For his part, Alec watched Daizi from afar, pulling himself further and further away. He wouldn't have admitted it if anyone had asked, but he was preparing himself and waiting for her to die. What else could be so wrong that Daizi and Dark wouldn't even talk about it? Nothing else made sense to him. So he waited, hiding from the world in books and music, picking at his food and barely eating a few morsels at a time. How could he eat when Daizi was in such distress?

They arrived home that day after a long day of school and walked in, discussing the events of the day.

"So Jazzy likes Micheal, and Micheal likes Jazzy, but he's already with Tara, and you know what a terror Tara can be, so he's afraid to break up with her," Alec explained to Xander as they took off their shoes and touched the salt.

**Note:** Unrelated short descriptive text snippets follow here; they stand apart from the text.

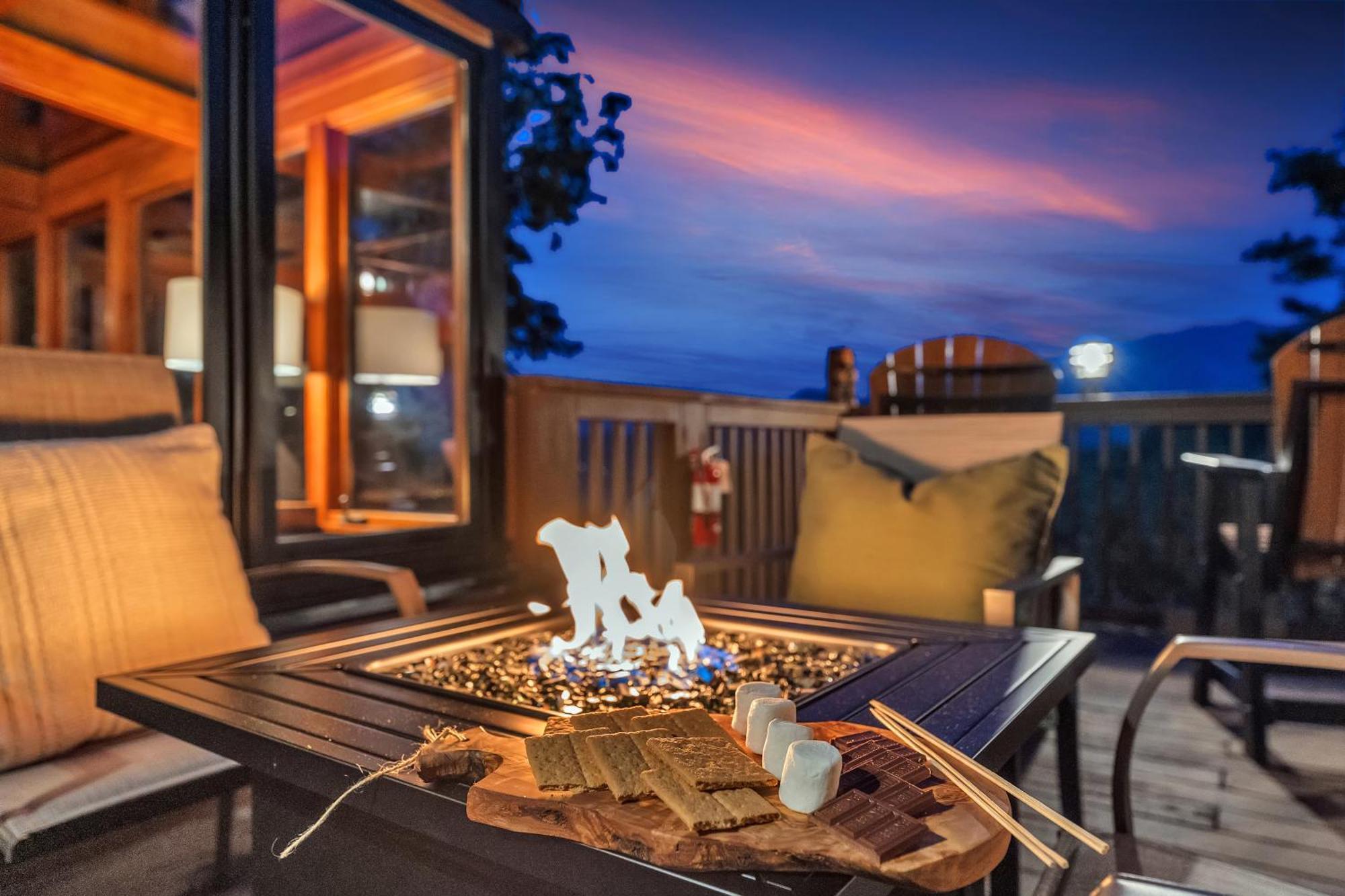 Family Chalet With Sauna, Hottub, Heavenly Views! Mins To Downtown! Gatlinburg Esterno foto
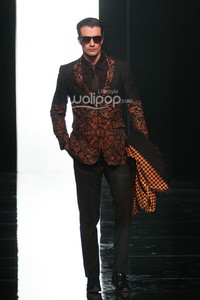 Iwan Tirta Dewaraja Iwan Tirta Private Collection at Fairmont Hotel. Senayan. Jakarta. 27/4/2014. [Foto: Mohammad Abduh/Wolipop]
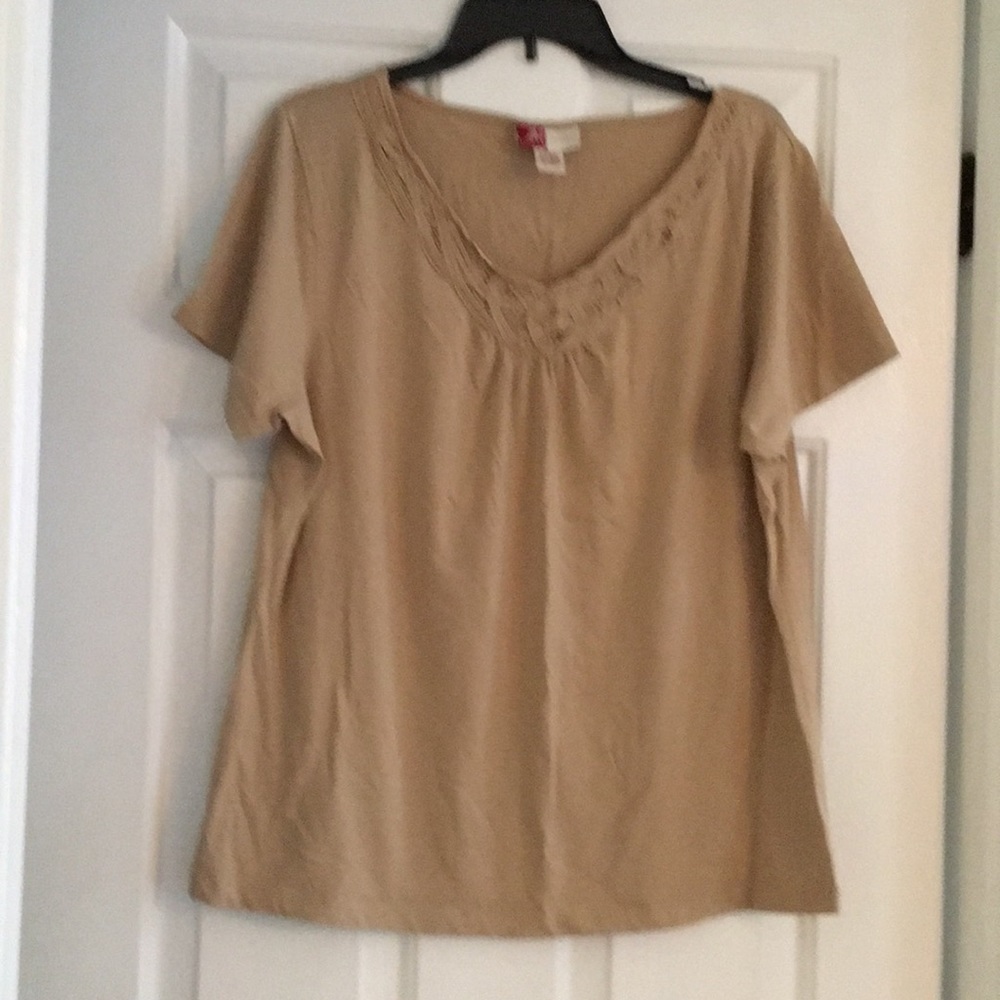 Short sleeve shirt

"But Tara and Micheal have only been together like a week," Xander said in confusion as he hung up his jacket. "How hard can it be to break up with someone you've only been with a week?"

"One week and four days," Alec told him. "It's-" He stopped short with a gasp, spotting Daizi on the couch. "DAIZI!!" He raced over to her, dropping down on his knees next to her. "Daizi, are you dead? Daizi? Xander, call somebody!"

Xander followed him over, phone in hand, but waited to see what was what before dialing.